What appeared on a Salt Lake County Council agenda this week as a routine rezoning request will help fuel a low-cost broadband option for underserved communities across the globe.
Council members voted unanimously Tuesday to reclassify 35 acres on the west bench from agricultural to manufacturing zoning, allowing aerospace and defense giant Northrop Grumman to expand its rocket motor manufacturing plant.
The growth of the Bacchus West plant, just outside of Magna, is primarily related to a contract with United Launch Alliance that was announced Wednesday.
It also will benefit Amazon’s Project Kuiper, a constellation of satellites that promises to deliver affordable broadband around the world.
John Slaughter, senior director of commercial programs for Northrop Grumman’s space systems sector, said the agreement is a continuation of a decadeslong relationship between the companies.

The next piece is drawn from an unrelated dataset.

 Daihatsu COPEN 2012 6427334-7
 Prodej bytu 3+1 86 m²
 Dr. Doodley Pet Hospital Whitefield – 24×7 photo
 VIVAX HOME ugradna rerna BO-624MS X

“This cements that relationship,” he said, “for, I believe, many years to come.”
Northrop Grumman expects to spend $450 million on the Bacchus expansion, with most of that sum being spent within Salt Lake County and the state, Brian Tucker, interim planning supervisor for the Greater Salt Lake Municipal Services District, told council members.
The company says it anticipates creating about 200 long-term, high-tech manufacturing jobs.
To fulfill the contract, rocket motors will be produced at multiple Utah facilities, including Bacchus, Promontory and Clearfield. All of those facilities will grow to meet the heightened demand, the company said, but Bacchus will experience the largest expansion.
Northrop Grumman plans to construct nine new buildings in unincorporated Salt Lake County as part of the upgrade, with five of those located in the newly rezoned area.
The buildings in the rezoned area will be used for casting liquid fuels into rocket casings. The boosters then will be sent to a finishing building in neighboring West Valley City.
The company says it will produce new iterations of rocket boosters it already makes.
According to the county, the expansion will bring no new negative effects for the area and does not conflict with the recently adopted West General Plan. It does, however, create hurdles with grading, increased runoff and rerouting a stream that flows through the acreage.
“We’ve identified a number of significant challenges,” Tucker said, “but, to date, there’s been no indication that these potential impacts can’t be mitigated.”
The hazard zones that were already established around the plant will not change.
A groundbreaking is expected at the Bacchus site in August. Before the project can move forward, Northrop Grumman will need to secure a conditional use permit from the county.